We conclude that initial screening of the BRCA1 c.5266dup mutation in Brazilian individuals at high risk for HBOC is justified, but should be considered with caution. This statement is based on the frequency of the single founder mutation currently described in this population, lack of evidence of other founder BRCA mutants at a significant frequency in Brazil, and potential consequences of misinterpretation of negative screening results. These principles may apply to other highly admixed populations in South America and other continents.
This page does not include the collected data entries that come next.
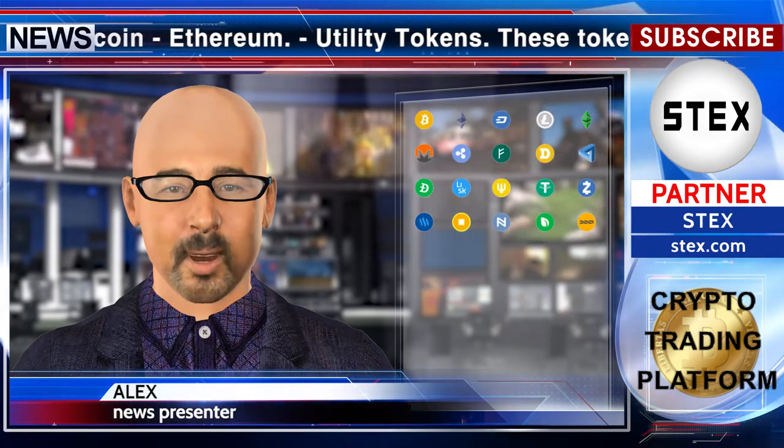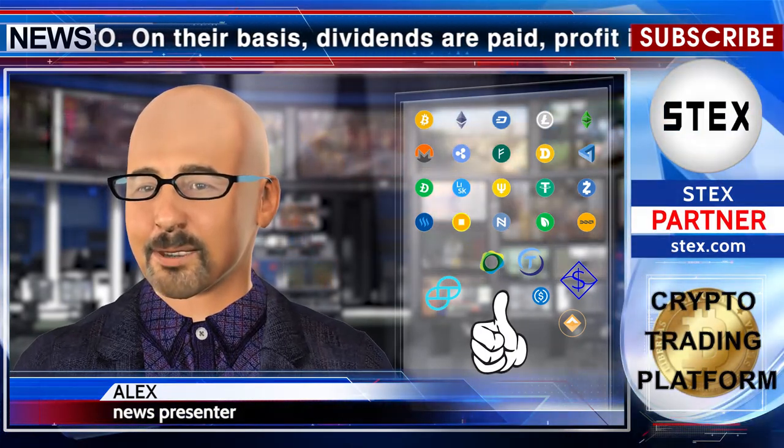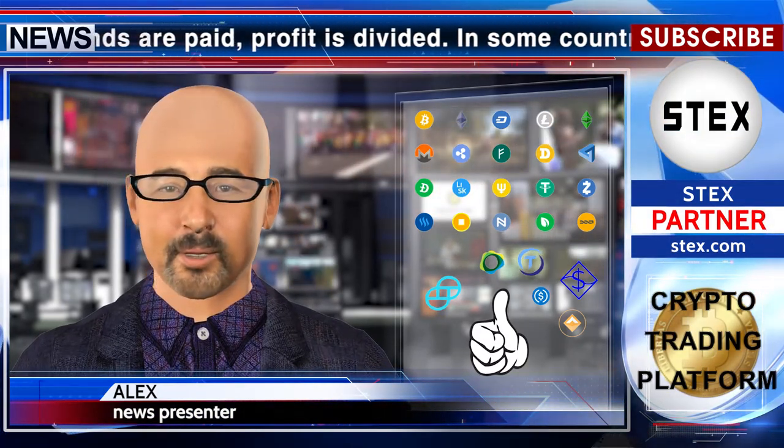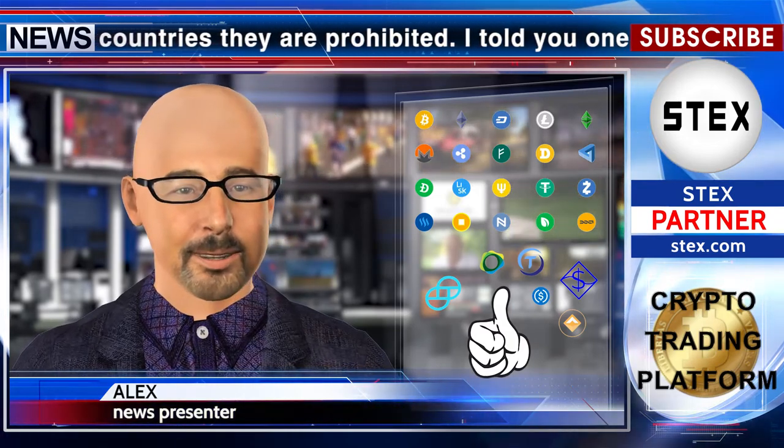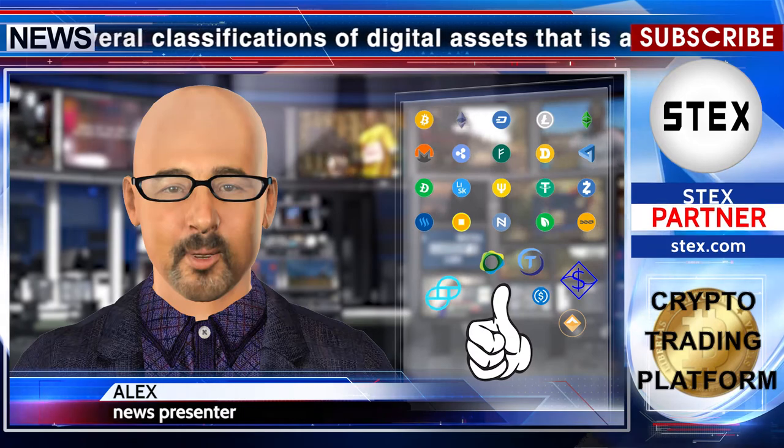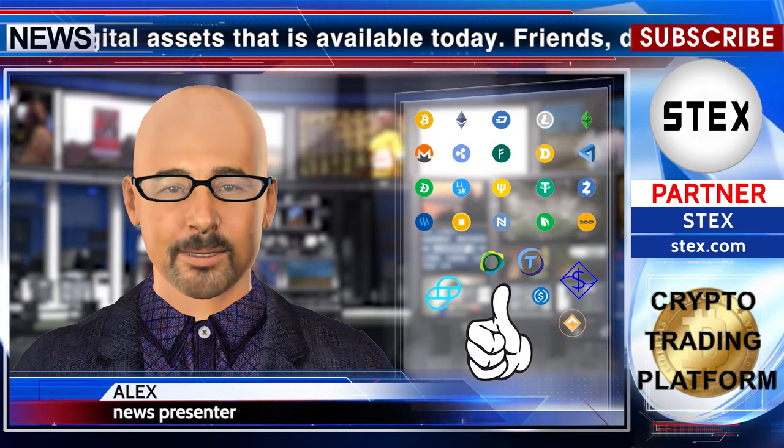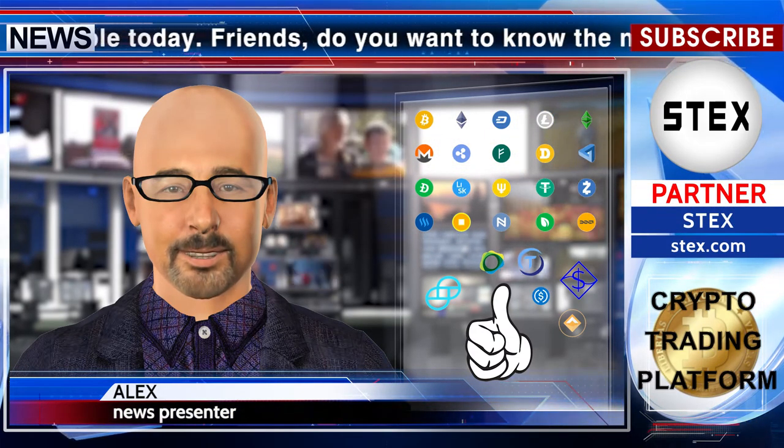I told you one of several classifications of digital assets that is available today. Friends, do you want to know the names of experts in various areas of a decentralized world and cryptocurrencies? Then subscribe to our social networks, like and repost this video. Today we called the name of one expert in the field of stablecoins, Elias Sam. In the future, we will name other experts in the blockchain industry. Stay with us not to miss.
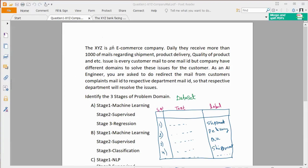So, XYZ is an e-commerce company. This is an e-commerce company. Daily, they receive more than thousands of emails regarding shipment, product delivery, quality of the product, and so on. The issue is every customer emails to one email ID. If you look at Amazon, there is one email ID. All the emails are available to you.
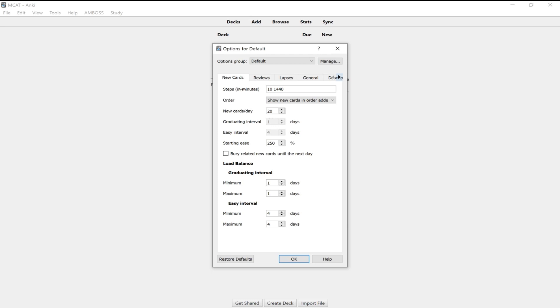So going back to the steps in minutes, what this means when it's 10 is that when you get a card wrong, you'll see it again in 10 minutes instead of one minute, because I found that when you see a card again in one minute, you kind of still remember doing that card 60 seconds ago. So it's not really testing your memory. But if you do it in 10 minutes, that's a good amount of time to remember the card. And then 1440 means that's a number of minutes in one day. So when you get it right, you'll see it again in one day, and then it'll graduate to the another day interval. So this just makes sure that you know the card really well before you send it off into the graduated phase.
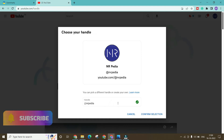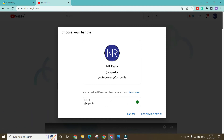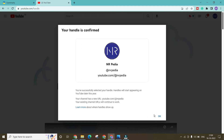Once you've found an available handle, click 'Confirm Selection'. You can also choose one of the suggested handles, or the pre-filled handle based on your channel name. Subscribe for more videos like these.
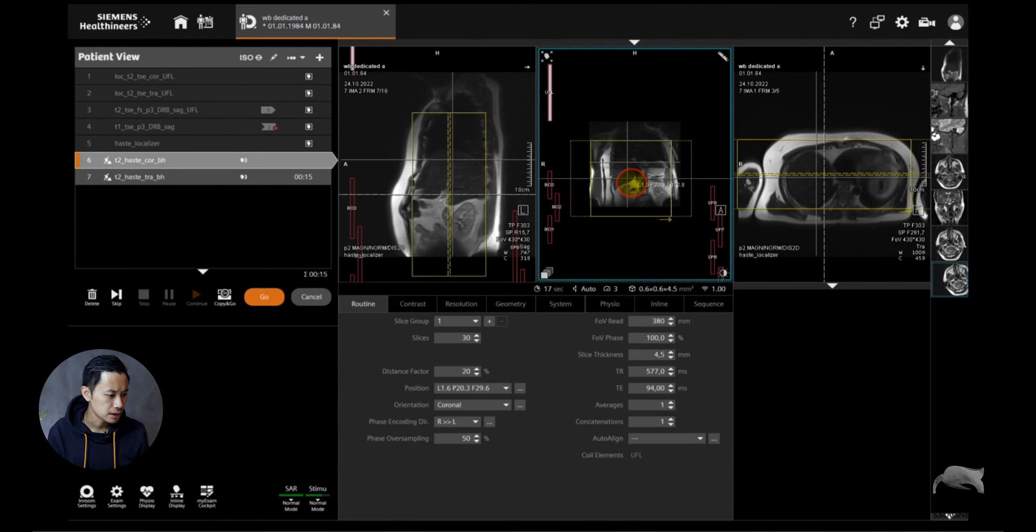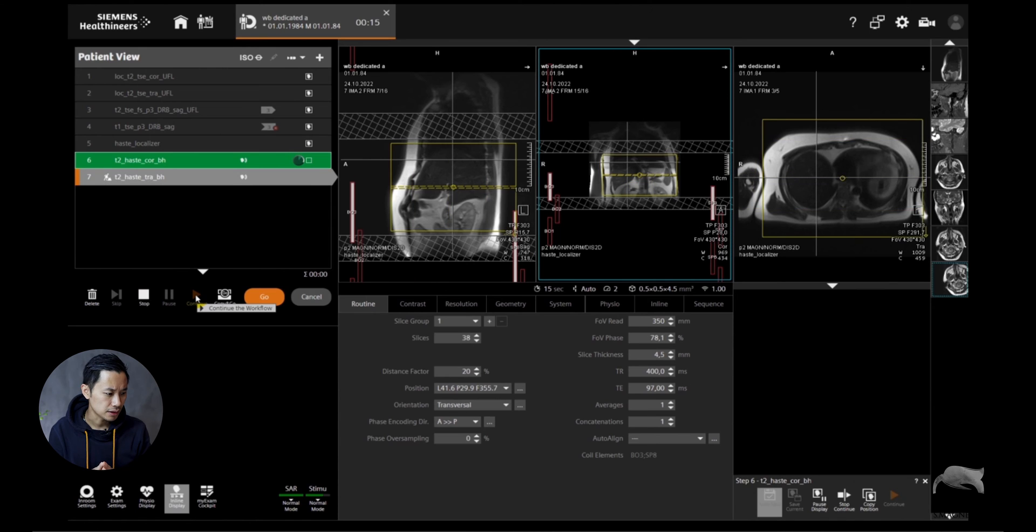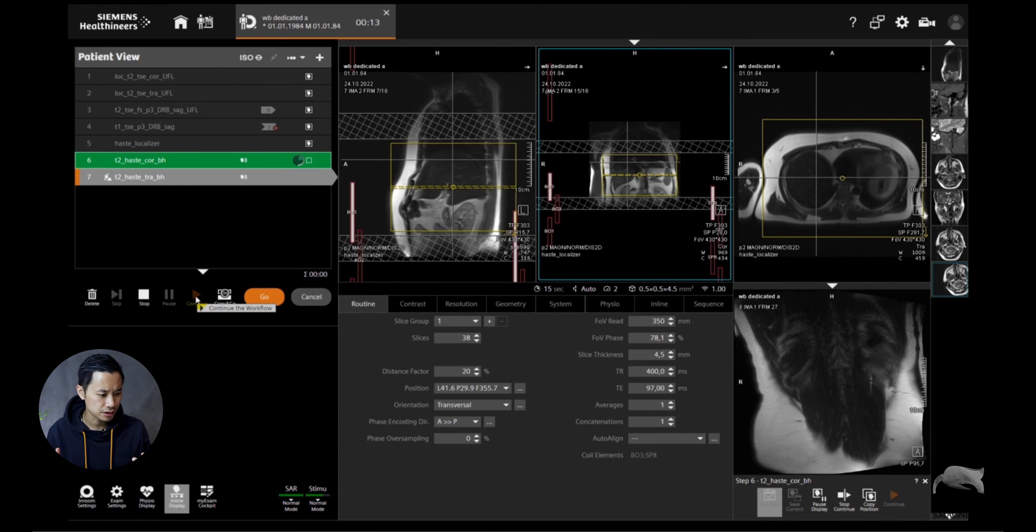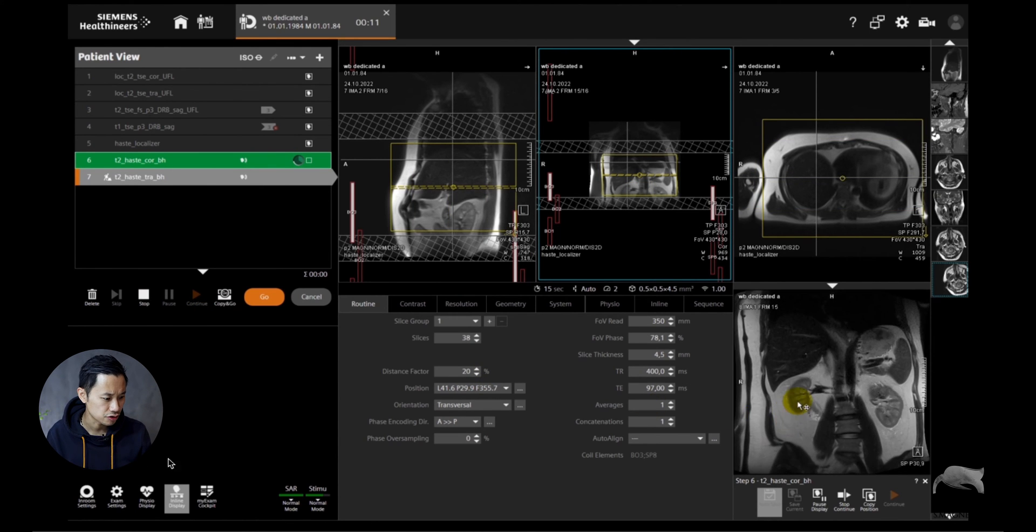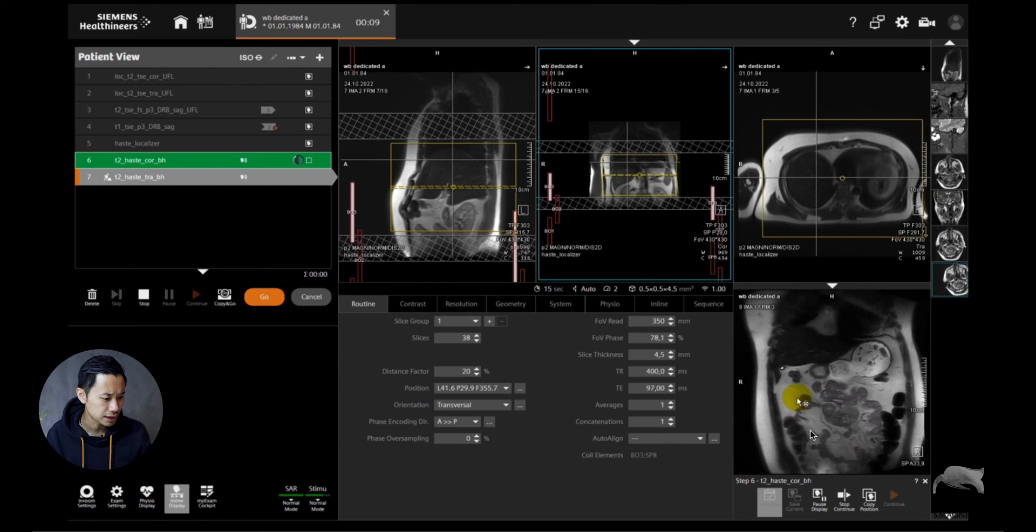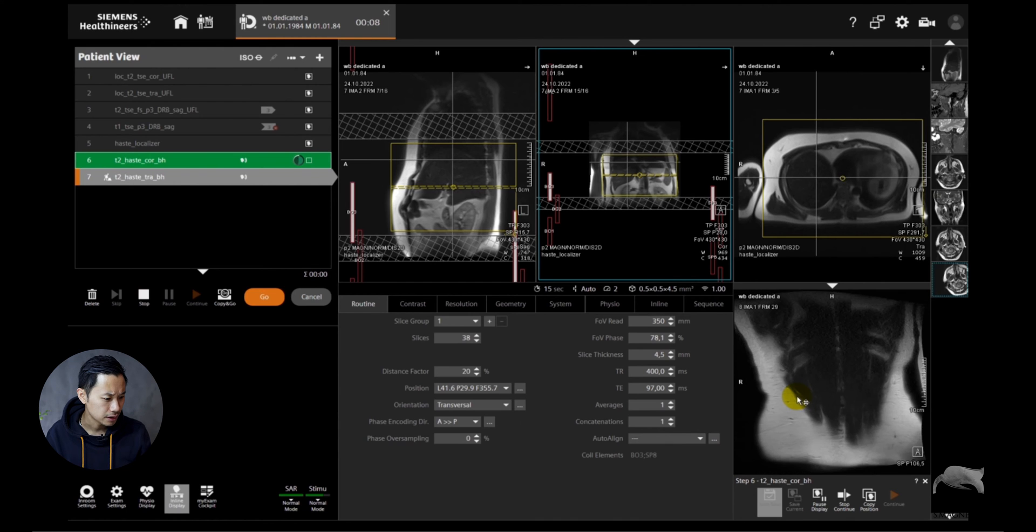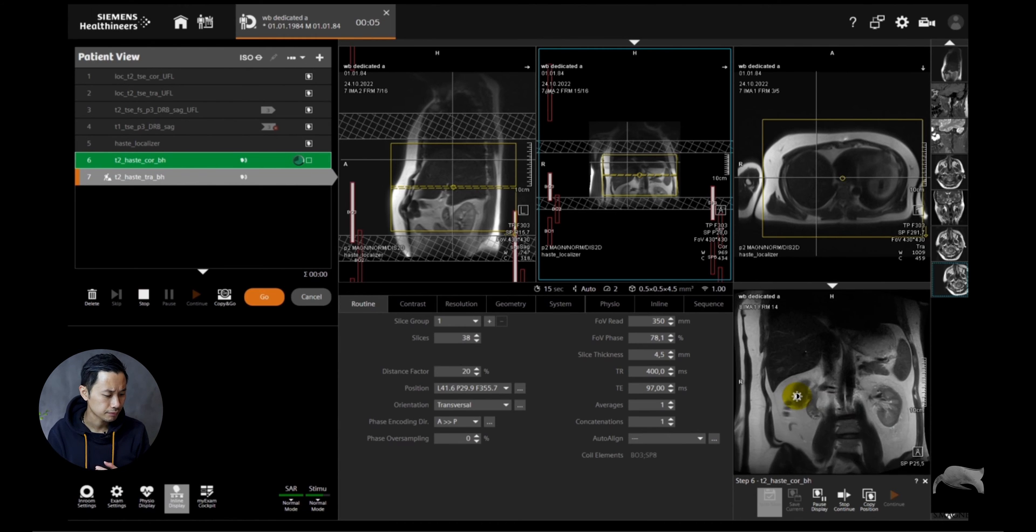I just did two HASTE sequences in coronal and transversal here just to get some images and show you guys. You can see the coronal here, it's not that bad. And then I also did a transversal HASTE.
It is imperative to concentrate efforts in making BRCA mutation testing and genetic counseling available to all high-risk patients in Brazil, and in educating health care professionals in the identification and proper management of these individuals. The best strategy for mutation screening and molecular diagnosis of high risk HBOC families in Brazil will only be fully understood after a comprehensive knowledge of BRCA mutation types and frequencies in this population.
Finally, the fact that two of the seven mutation-positive individuals had a limited family structure reinforce the importance of recognizing this feature and demonstrate that criteria for genetic testing must be adapted to consider this variable. The increased frequency of BRCA1c.5266dup in women with bilateral breast cancer should be further assessed in a larger cohort.